Así, Darío Villanueva (La Razón) los emparenta con «la picaresca más verbosa, la de Alemán y Quevedo», pero advierte que, en esta novela escrita en 1935, a pesar de su tono risueño, más aún, «divertidísima» (Xavier Lloveras, El Periódico), se vislumbra la amenaza del Holocausto y cita una frase del ingenuo Saltiel: «Si Hitler se vuelve peor, verás como nos defiende el señor Papa. Saldrá del Vaticano e irá a Alemania a maldecir a este muchacho.» Es bien conocida la heroica postura de Pío XII. En cuanto a Pedro Sorela (Revista de Libros), subraya el portento de que nos creamos por completo a esos personajes desmesurados y además, tres novelas después, nos sigan sorprendiendo.
También se suma a las alabanzas Mercedes Monmany (El País): «Y de nuevo nos encontramos con el personaje más fascinante e inolvidable de toda la saga: Comeclavos. Bandido, tramposo, embrollador y embustero. Comeclavos, el hombre de los cien oficios, está dotado de una elocuencia descomunal, arrasadora e irresistible para sus hipnotizadas y devotas audiencias que lo siguen y creen sus más solemnes mentiras.» Robert Saladrigas (La Vanguardia) afirma que, si bien Bella del Señor es el gran templo que Cohen consagró a la parodia, Los Esforzados es quizá «más divertida, cáustica, surrealista y demoledora».
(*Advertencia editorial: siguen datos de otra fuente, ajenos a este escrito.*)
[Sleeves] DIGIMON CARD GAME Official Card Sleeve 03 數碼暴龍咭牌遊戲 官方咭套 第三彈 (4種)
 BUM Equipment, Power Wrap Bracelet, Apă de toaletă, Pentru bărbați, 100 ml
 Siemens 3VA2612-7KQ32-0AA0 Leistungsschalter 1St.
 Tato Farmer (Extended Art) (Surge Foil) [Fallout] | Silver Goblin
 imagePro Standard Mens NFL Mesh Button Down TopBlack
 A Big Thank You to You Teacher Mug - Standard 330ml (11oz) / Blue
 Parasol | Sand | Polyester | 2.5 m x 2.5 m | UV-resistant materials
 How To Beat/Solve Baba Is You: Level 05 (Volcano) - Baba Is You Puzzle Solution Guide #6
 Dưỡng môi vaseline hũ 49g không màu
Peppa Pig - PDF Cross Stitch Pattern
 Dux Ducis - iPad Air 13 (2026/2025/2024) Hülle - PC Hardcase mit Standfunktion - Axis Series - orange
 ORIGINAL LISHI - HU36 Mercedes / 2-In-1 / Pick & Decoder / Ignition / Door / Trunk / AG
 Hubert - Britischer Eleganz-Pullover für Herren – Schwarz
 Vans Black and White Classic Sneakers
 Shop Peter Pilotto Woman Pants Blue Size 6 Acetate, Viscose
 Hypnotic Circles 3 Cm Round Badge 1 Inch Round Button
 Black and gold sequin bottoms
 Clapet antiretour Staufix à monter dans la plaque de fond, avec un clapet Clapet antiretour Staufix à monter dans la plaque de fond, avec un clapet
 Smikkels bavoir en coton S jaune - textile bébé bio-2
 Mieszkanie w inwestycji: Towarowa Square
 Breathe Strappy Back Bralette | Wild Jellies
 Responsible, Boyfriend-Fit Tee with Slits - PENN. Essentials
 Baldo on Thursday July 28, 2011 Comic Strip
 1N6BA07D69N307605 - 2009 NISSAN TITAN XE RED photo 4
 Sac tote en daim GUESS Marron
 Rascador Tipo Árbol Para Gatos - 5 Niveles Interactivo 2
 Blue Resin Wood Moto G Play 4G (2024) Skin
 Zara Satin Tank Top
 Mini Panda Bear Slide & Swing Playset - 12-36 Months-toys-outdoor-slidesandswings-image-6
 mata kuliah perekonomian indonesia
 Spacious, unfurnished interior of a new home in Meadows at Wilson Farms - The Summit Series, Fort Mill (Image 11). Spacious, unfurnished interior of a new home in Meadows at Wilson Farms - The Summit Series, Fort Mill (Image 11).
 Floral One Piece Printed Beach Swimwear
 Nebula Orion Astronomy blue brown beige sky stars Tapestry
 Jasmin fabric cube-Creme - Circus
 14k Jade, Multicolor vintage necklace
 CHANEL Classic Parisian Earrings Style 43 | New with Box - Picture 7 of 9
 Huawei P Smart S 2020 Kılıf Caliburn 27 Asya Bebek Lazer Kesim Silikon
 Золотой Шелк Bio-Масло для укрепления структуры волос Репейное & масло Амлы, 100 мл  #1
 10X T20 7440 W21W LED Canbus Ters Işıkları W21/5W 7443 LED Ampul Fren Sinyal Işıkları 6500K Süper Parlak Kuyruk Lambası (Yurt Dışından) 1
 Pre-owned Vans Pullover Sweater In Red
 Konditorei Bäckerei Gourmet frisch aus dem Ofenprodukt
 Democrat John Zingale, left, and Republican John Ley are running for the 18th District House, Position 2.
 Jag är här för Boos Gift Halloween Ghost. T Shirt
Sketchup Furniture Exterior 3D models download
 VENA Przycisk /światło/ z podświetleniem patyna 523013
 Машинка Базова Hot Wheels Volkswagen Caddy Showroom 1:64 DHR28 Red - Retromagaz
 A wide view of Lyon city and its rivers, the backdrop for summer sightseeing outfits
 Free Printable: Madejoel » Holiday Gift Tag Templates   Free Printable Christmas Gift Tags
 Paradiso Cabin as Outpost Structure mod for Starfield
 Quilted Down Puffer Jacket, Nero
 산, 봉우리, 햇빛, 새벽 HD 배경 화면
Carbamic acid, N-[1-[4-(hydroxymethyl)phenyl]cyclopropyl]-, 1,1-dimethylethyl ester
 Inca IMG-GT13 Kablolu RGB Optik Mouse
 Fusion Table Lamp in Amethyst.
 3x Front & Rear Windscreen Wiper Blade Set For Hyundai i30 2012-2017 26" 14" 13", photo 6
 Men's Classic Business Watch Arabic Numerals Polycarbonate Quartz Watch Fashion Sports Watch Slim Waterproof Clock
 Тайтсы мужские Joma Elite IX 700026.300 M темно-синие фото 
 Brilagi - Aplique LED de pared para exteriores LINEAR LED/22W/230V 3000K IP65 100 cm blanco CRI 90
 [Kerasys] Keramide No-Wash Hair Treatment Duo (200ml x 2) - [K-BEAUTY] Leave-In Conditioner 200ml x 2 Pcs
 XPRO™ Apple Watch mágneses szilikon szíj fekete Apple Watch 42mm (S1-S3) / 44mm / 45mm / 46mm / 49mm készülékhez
Esther Bendahan Cohen (La Modificación), que después emprendió una tesis doctoral sobre Albert Cohen, escribió: «Un continuo conducido por un tono melancólico e irónico, que constituye una de las grandes obras de la literatura francesa, imprescindible en nuestro siglo», que «gracias a la complicidad de la risa ahonda en temas complejos y dolorosos». Y advierte que aunque los Esforzados «sean los que nos hacen reír, es la Europa por ellos mirada la que resulta cómica y feroz».
Y un buen remate sería el de Iñaki Ezquerra (El Correo): «Qué lástima que Albert Cohen no escribiera una pentalogía.»